What is traveling?

Firstly, I’ll answer this in terms of what it’s not. It’s not just taking photos and ‘finding yourself’ through amazing and unique experiences. Changing your environment can indeed attain a shift in perspective, whether it’s a humbling encounter when you realize just how safe and closeted your life has been or learning to smile and appreciate the little things you never noticed before. Perhaps you’ll even feel guilty for all the comforts you have at home, and get motivated to close the gaps between travelers and the people they encounter. Taking pictures from these experiences and encounters can spread this message and might inspire others, but without sounding too cynical, in most cases your impact is going to be very small. You’re probably not going to be heard on a large scale, and the song will remain the same.

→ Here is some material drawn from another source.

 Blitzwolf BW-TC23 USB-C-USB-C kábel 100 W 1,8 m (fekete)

Our space already has an endless stream of would-be influencers sharing these kinds of experiences, and often the genuine intention to inspire and inform is beset with advertising, ego and self-gain, not always through any fault of their own. You can find yourself fighting an algorithm just to get noticed on social media. Or even worse, you can find yourself wanting to get noticed more than just enjoying the moment. The pursuit of finding yourself through travel in itself means you’re basically seeking external gratification. You’re looking for the world to give you an answer.

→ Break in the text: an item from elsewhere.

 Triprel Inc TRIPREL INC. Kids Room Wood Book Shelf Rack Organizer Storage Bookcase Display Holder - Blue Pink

This Earth day is as good a time as any to start thinking if the world actually owes you one.

tall rocks in coastal waters
Australia’s Twelve Apostles.

I’m definitely guilty of this way of thinking, and perhaps now more than ever I need to start listening to myself. At the time of this writing, I should have been in Australia as a cruise ship photographer. Instead, all major cruise lines have suspended operations until at least the 16th of May, and I’m on the other side of the world in the UK. 

Perhaps you’re in a similar position, where COVID-19 has ruined your travel plans or your vision for 2020. It can be frustrating to have circumstances outside of your control dictate your life, especially when you might have grown accustomed to the intoxicating way of constantly changing your environment. For myself, living and working at sea means being surrounded by many different nationalities, and I can find myself literally waking up in a new country every day. I’ve sometimes believed this is therefore ‘finding myself,’ just through sheer attrition, that the odds are in my favor and eventually the confusion around ‘who am I?’ and ‘what should I do with my life?’ will fall away when I meet the right person in the right place… Surely?

No.

I’ve come to find that when nothing is permanent, there’s no real resolution to these feelings. So let’s maybe now address what traveling actually is.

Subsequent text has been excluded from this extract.